== PROBLEM TO WORK ON ==
Reproduce exactly the lines of this material that begin at the line with "2017 ford transit" and end at the line with "Mercedes-Benz CLS 550", both included. Omit the pictures and everything else.

Segment Start: GIVEN INFORMATION

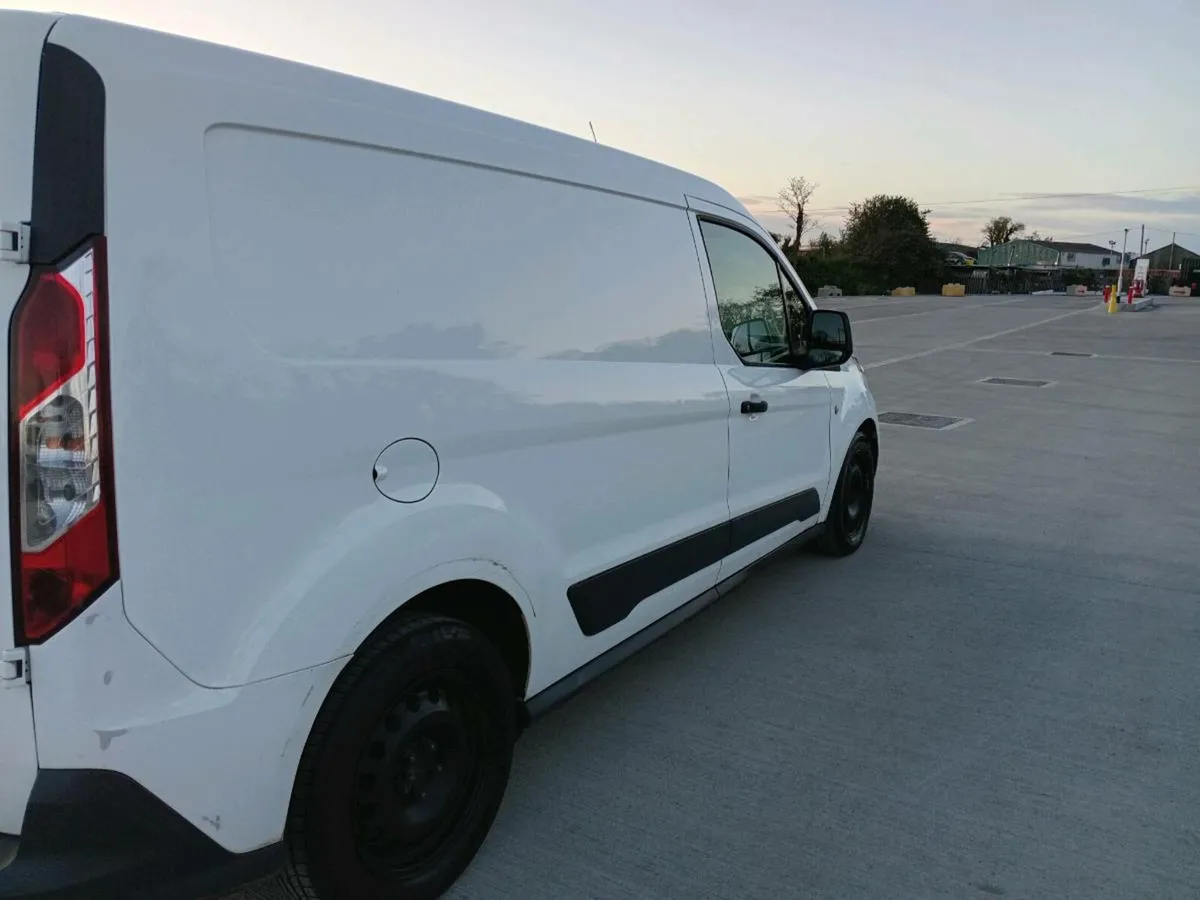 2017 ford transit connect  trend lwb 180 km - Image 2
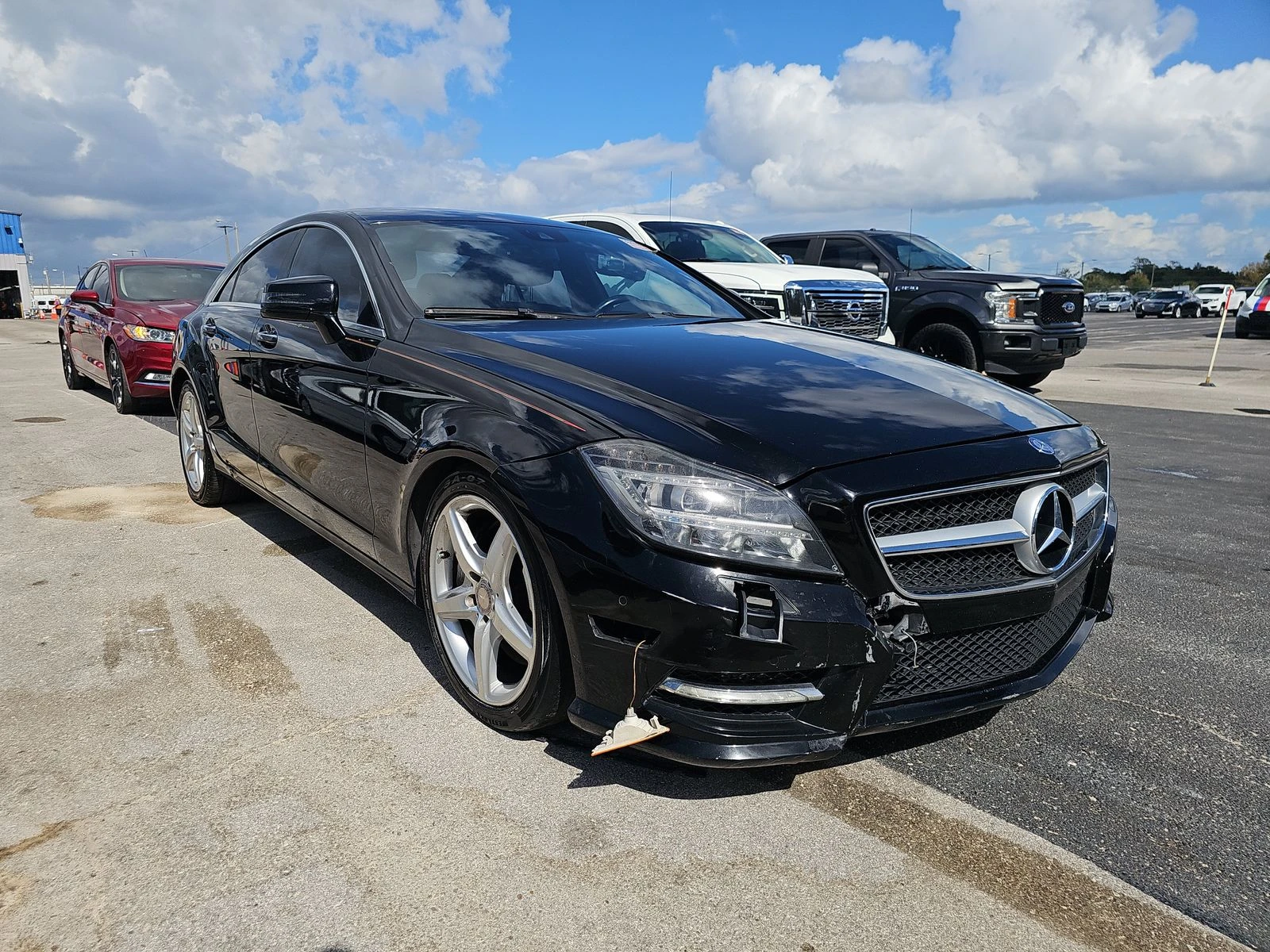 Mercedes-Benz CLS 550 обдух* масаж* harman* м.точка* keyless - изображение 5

Segment End: GIVEN INFORMATION
Segment Start: GIVEN INFORMATION

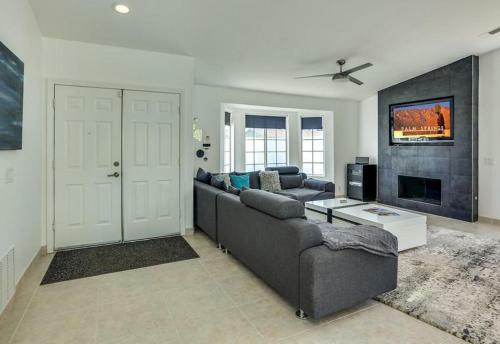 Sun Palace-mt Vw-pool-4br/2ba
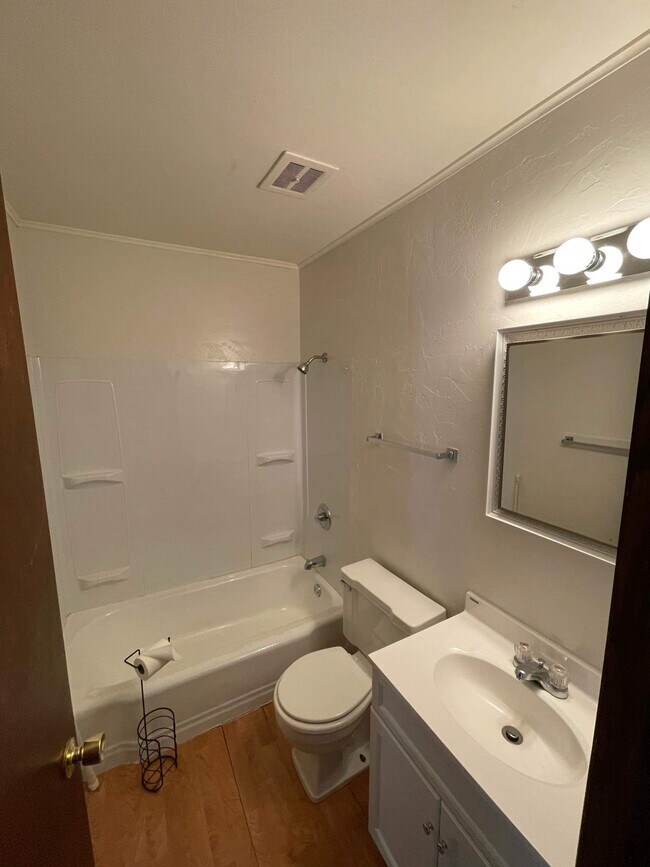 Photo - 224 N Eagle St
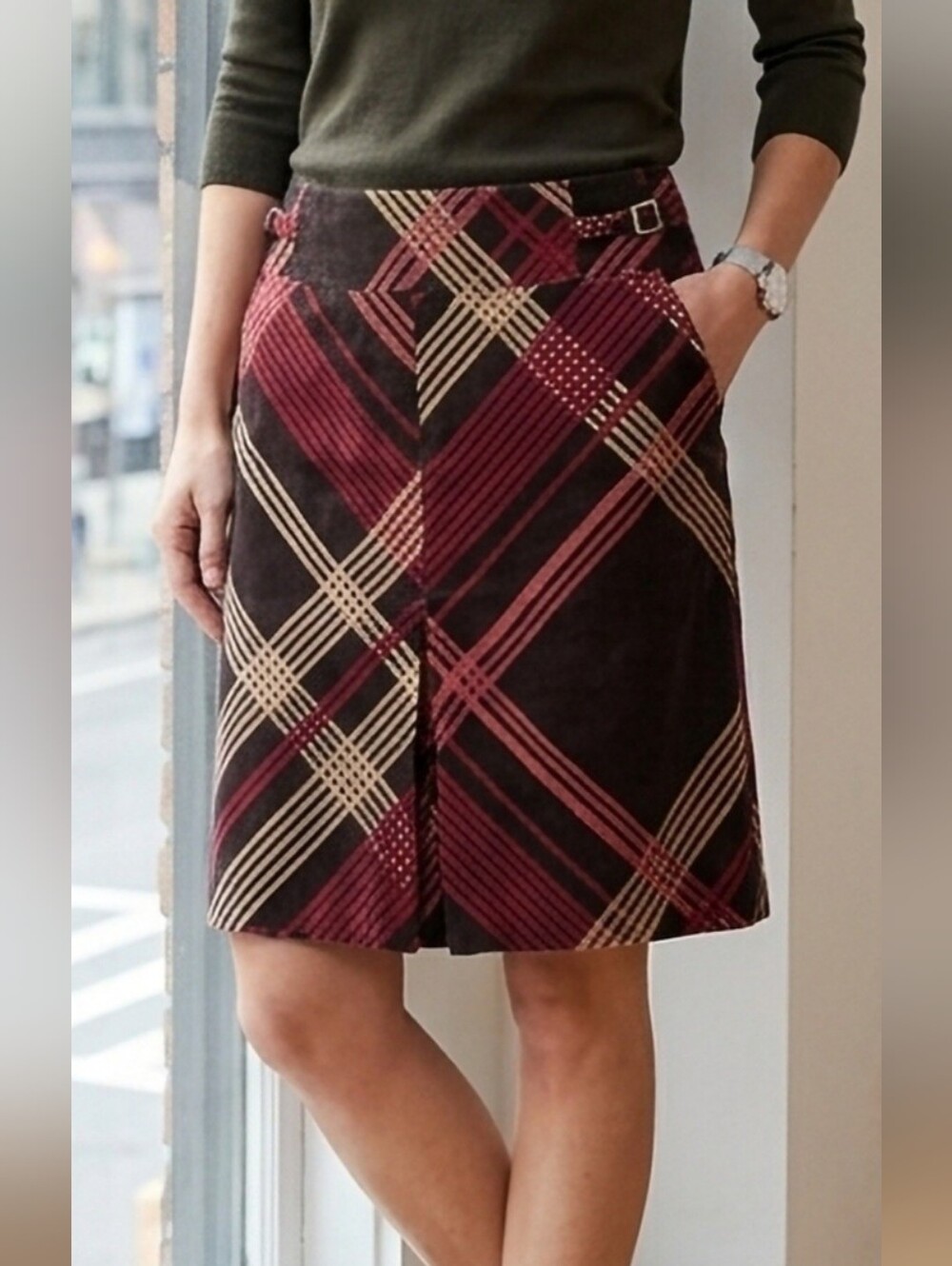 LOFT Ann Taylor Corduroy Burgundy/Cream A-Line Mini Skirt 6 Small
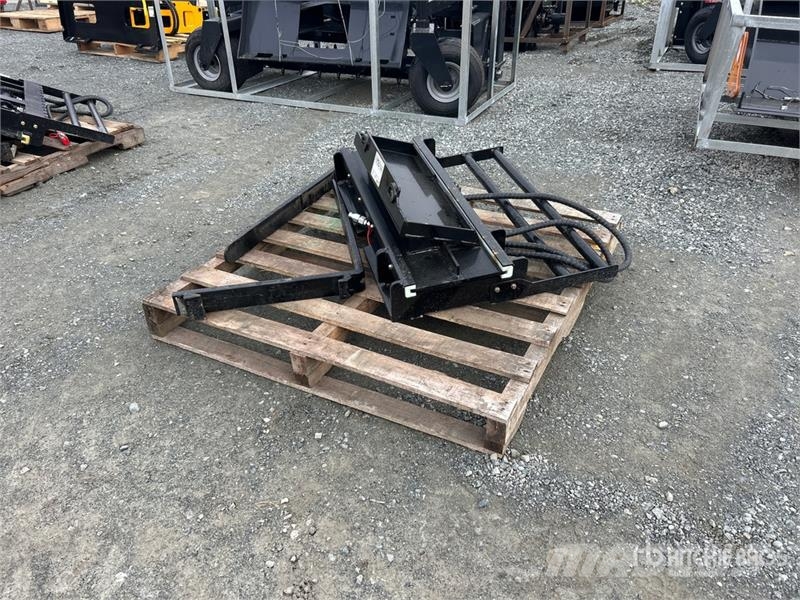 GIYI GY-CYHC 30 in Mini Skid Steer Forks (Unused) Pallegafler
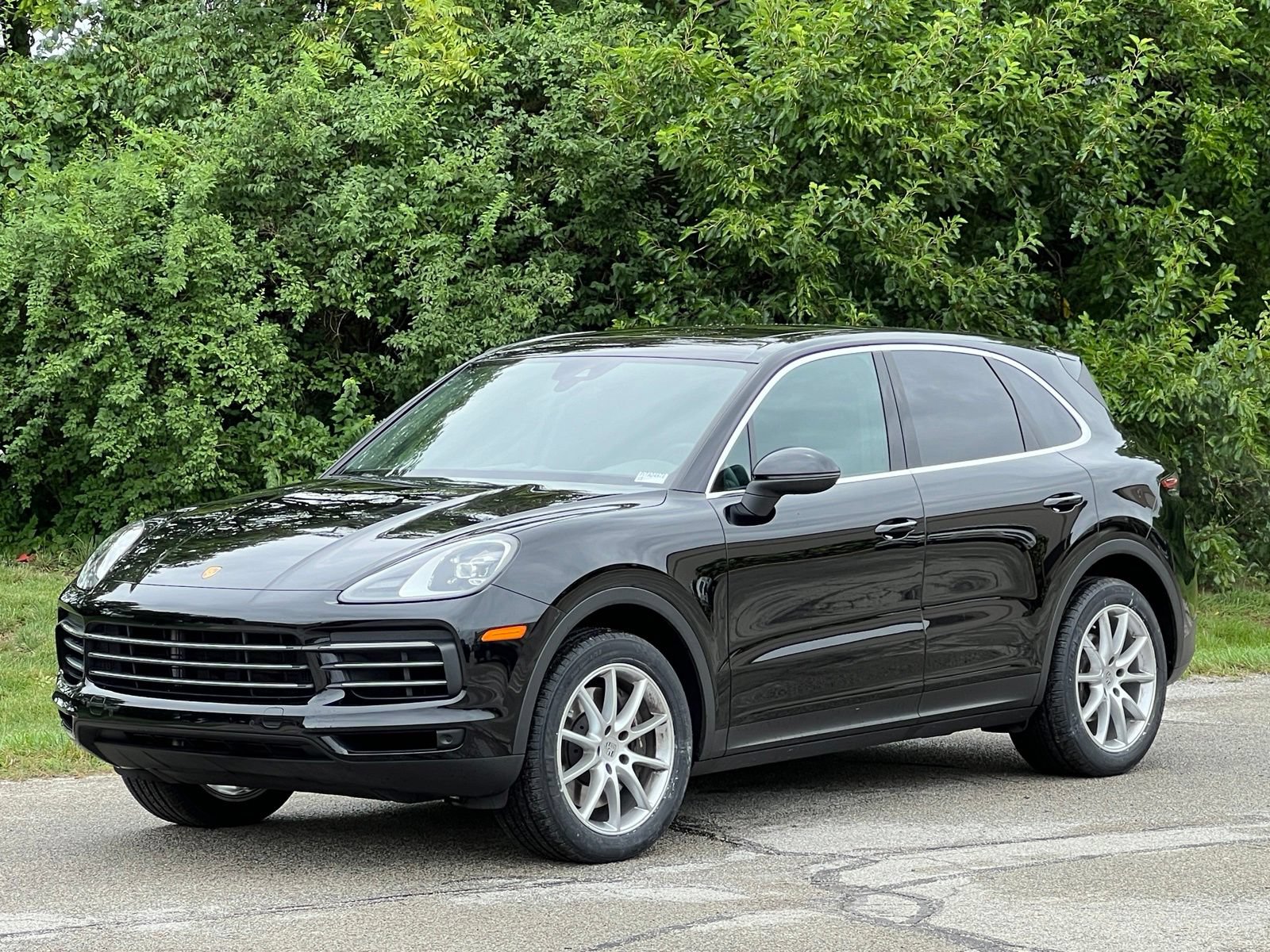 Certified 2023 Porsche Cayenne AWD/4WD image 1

Segment End: GIVEN INFORMATION
Segment Start: GIVEN INFORMATION

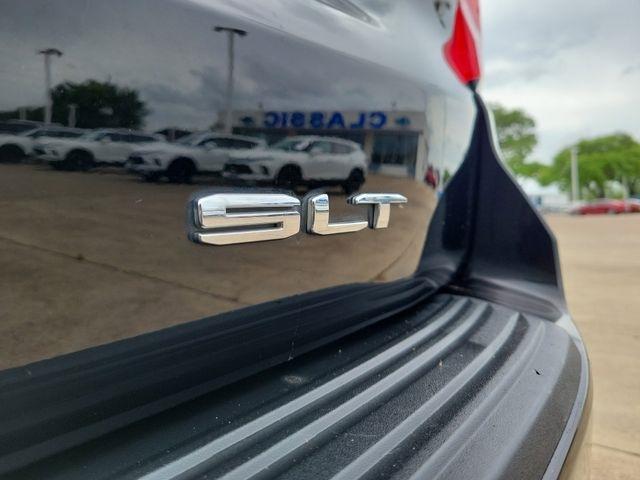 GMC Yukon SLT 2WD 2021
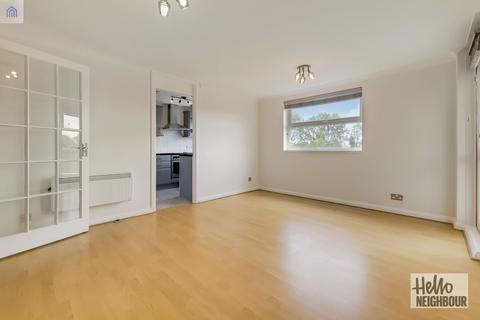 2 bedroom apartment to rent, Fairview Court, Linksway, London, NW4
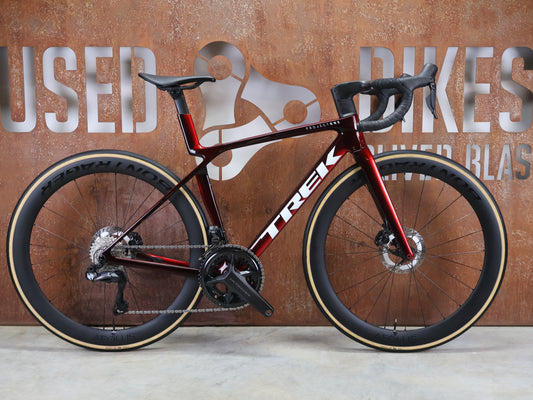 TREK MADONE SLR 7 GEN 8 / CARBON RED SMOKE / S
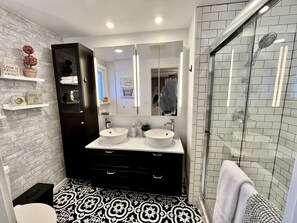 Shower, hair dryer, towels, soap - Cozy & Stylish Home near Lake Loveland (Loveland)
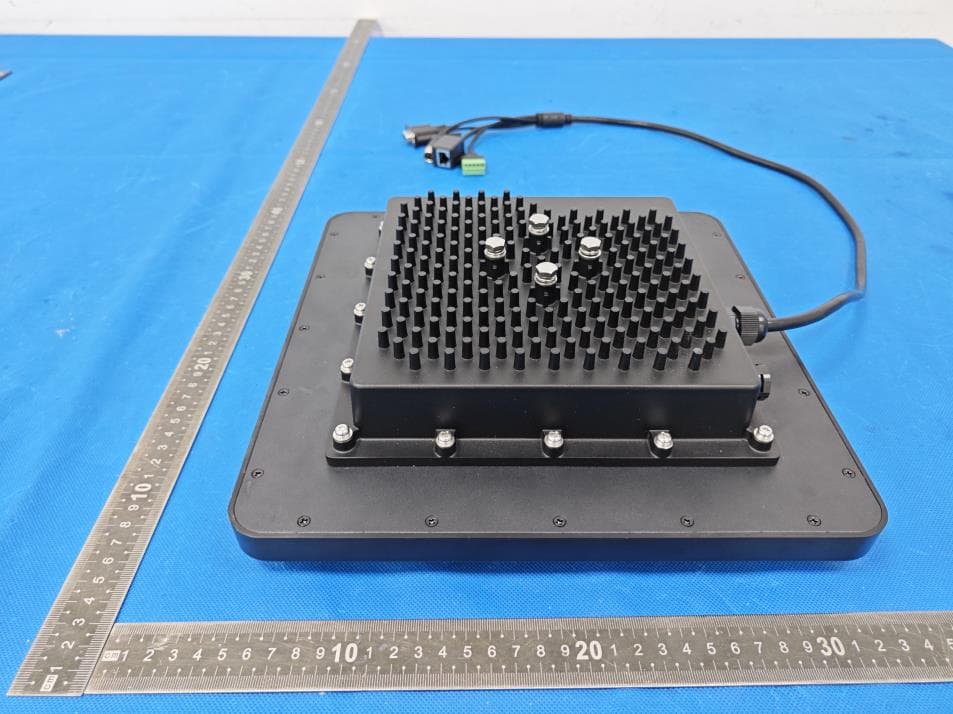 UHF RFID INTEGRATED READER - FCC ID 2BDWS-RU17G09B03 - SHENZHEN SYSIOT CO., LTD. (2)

Segment End: GIVEN INFORMATION

== COMPLETED EXERCISE ==
 2017 ford transit connect  trend lwb 180 km - Image 2
 Mercedes-Benz CLS 550 обдух* масаж* harman* м.точка* keyless - изображение 5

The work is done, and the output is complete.